╭──
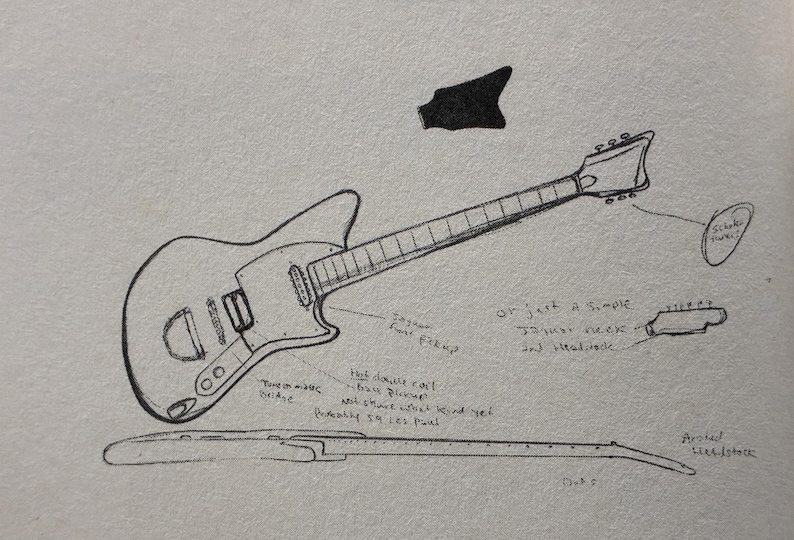 May include: A black and white sketch of an electric guitar, featuring a unique body shape and detailed components. The drawing includes labels for various parts like pickups, bridge, and neck, along with a separate headstock design.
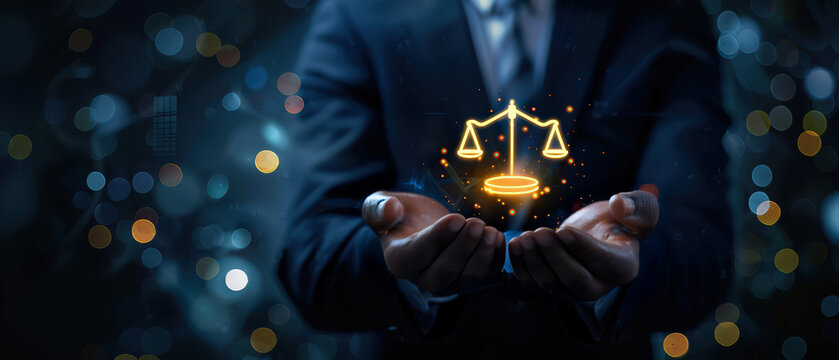 Businessman holding glowing justice scales in hands, symbolizing ethics, law, fairness and responsibility, suitable for legal services, corporate values, and compliance concepts.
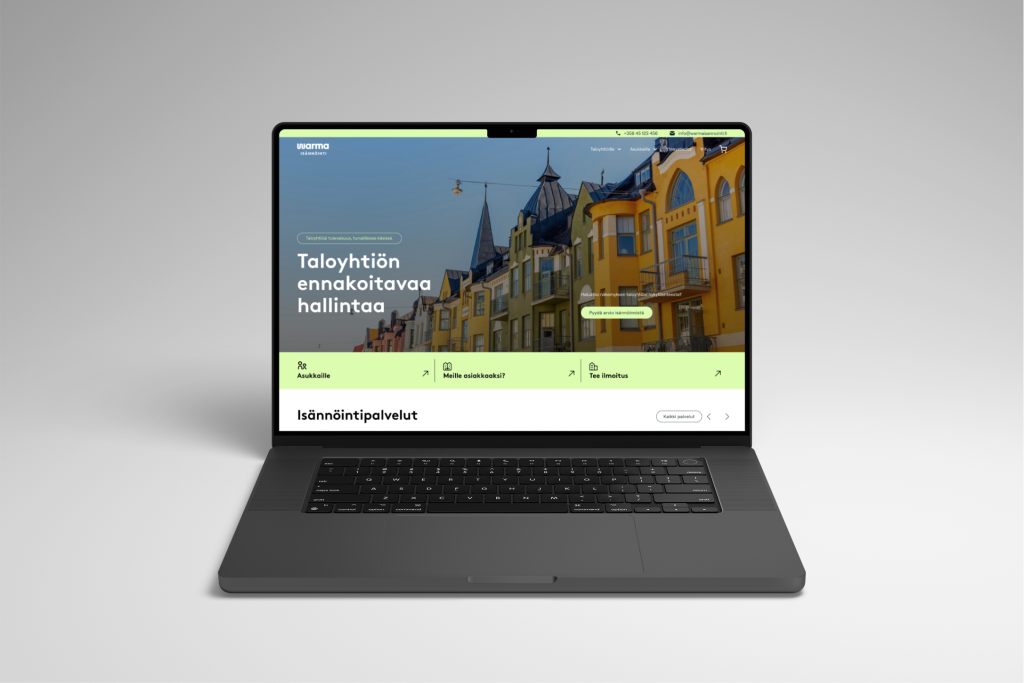 Aitio Brands Oy:n suunnnittelema verkkosivusto Warma Isännöinti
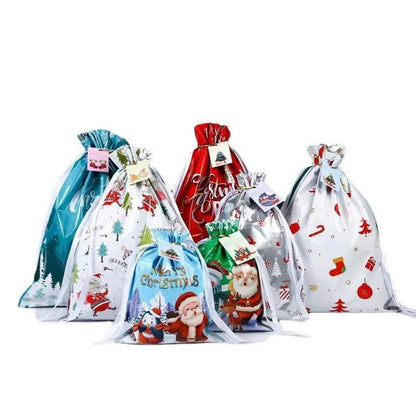 Christmas Drawstring Gift Bags – Holiday Present Wrapping Bags - Morrowden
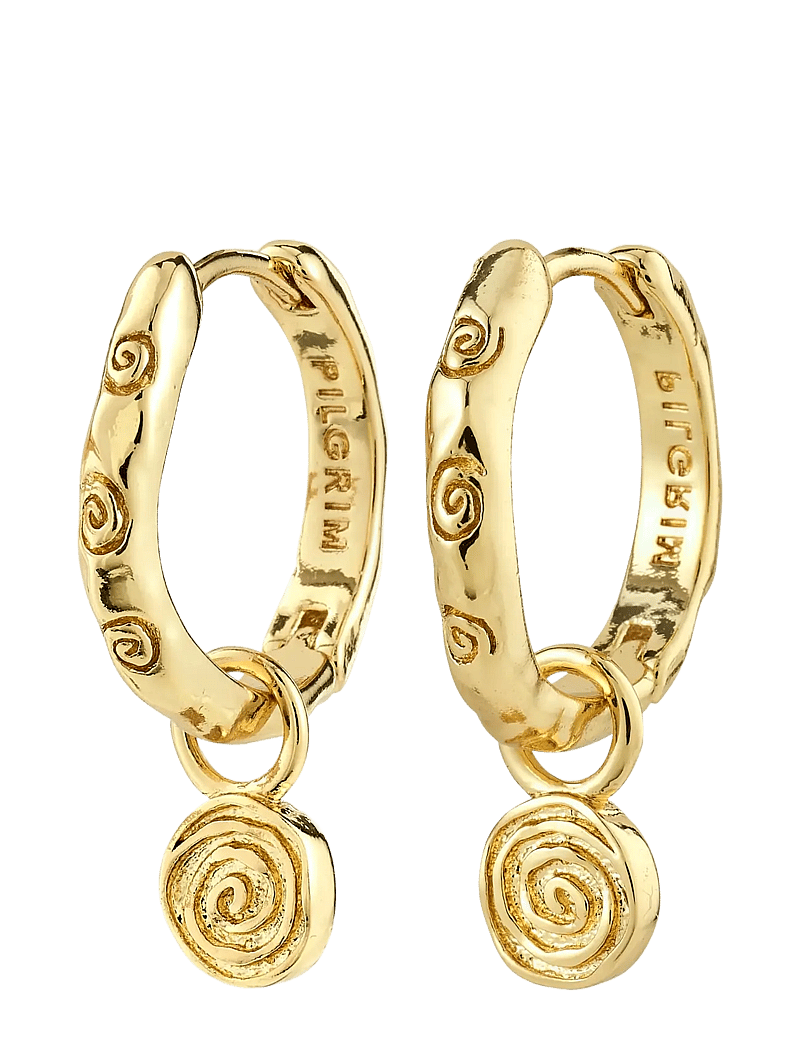 Pilgrim - FIRE hoop earrings gold-plated - creoler & hoops - gold plated - 1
╰──
Try it: Although the records hold pictures, return only what remains, word for word.

Reply:
 May include: A black and white sketch of an electric guitar, featuring a unique body shape and detailed components. The drawing includes labels for various parts like pickups, bridge, and neck, along with a separate headstock design.
 Businessman holding glowing justice scales in hands, symbolizing ethics, law, fairness and responsibility, suitable for legal services, corporate values, and compliance concepts.
 Aitio Brands Oy:n suunnnittelema verkkosivusto Warma Isännöinti
 Christmas Drawstring Gift Bags – Holiday Present Wrapping Bags - Morrowden
 Pilgrim - FIRE hoop earrings gold-plated - creoler & hoops - gold plated - 1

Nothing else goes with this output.